I suspect it'll be hard to find more material in some obscure, dying language than there is of either of those in the common training sets.



What is "they"? Are you saying transformer architecture somehow is biased towards English? Or are you saying that existing LLMs have that bias?

The only way this project is going to make sense will be to train it fresh on text in the language to be preserved, in order to avoid accidentally corrupting your model with English. If it's trained fresh on only target language content, I'm not sure how we can possibly generalize from the whole-internet models that you're familiar with.


I don't really care about the minutiae of the technical implementations, I'm talking from the experience of pushing text into LLM:s locally and remote, and getting translation in some direction or other back.

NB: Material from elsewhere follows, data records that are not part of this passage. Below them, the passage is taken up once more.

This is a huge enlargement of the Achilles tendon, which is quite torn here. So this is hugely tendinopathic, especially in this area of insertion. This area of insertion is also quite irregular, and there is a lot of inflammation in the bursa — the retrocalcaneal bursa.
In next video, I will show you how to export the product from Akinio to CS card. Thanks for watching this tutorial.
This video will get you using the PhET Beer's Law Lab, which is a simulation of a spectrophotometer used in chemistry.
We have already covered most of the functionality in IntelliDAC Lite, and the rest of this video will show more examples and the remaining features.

To me it doesn't make sense. It seems like an awful way to store information about a fringe language, but I'm certainly not an expert.


  and getting translation in some direction or other back.
This seem to make a lot of English speakers upset, that LLM outputs appear translated from perspectives of primarily non-English speakers. But hey, it's n>=2 even at HN now.

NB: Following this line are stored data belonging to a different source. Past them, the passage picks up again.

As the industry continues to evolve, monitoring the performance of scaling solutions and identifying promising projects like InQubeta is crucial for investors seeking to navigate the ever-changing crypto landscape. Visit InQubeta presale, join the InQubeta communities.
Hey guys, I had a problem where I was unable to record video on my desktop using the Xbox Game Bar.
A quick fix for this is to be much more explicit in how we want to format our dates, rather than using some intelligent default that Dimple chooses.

I don't know, the translation errors are often pretty weird, like 'hot sauce' being translated to the target equivalent of 'warm sauce'.

Since LLM:s work by probabilistically stringing together sequences of words (or tokens or whatever) I don't expect them to become fully fluent ever, unless natural language degenerates and loses a lot of flexibility and flourish and analogy and so on. Then we might hit some level of expressiveness that they can actually simulate fully.

The current hausse is different but also very similar to the previous age of symbolic AI. Back then they expected computers being able to automate warfare and language and whatnot, but the prime use case turned out to be credit checks.


What language have you tried that they're bad at? I've tried a bunch of European languages and they are all perfect (or perfect enough for me to never know otherwise)


Swedish, german, spaniard spanish, french and luxembourgish french.

Sometimes they do a decent translation, too often they trip up on grammar, vocabulary or just assuming that a string of bytes means the same thing always. I find they work best in extremely formal settings, like documents produced by governments and lawyers.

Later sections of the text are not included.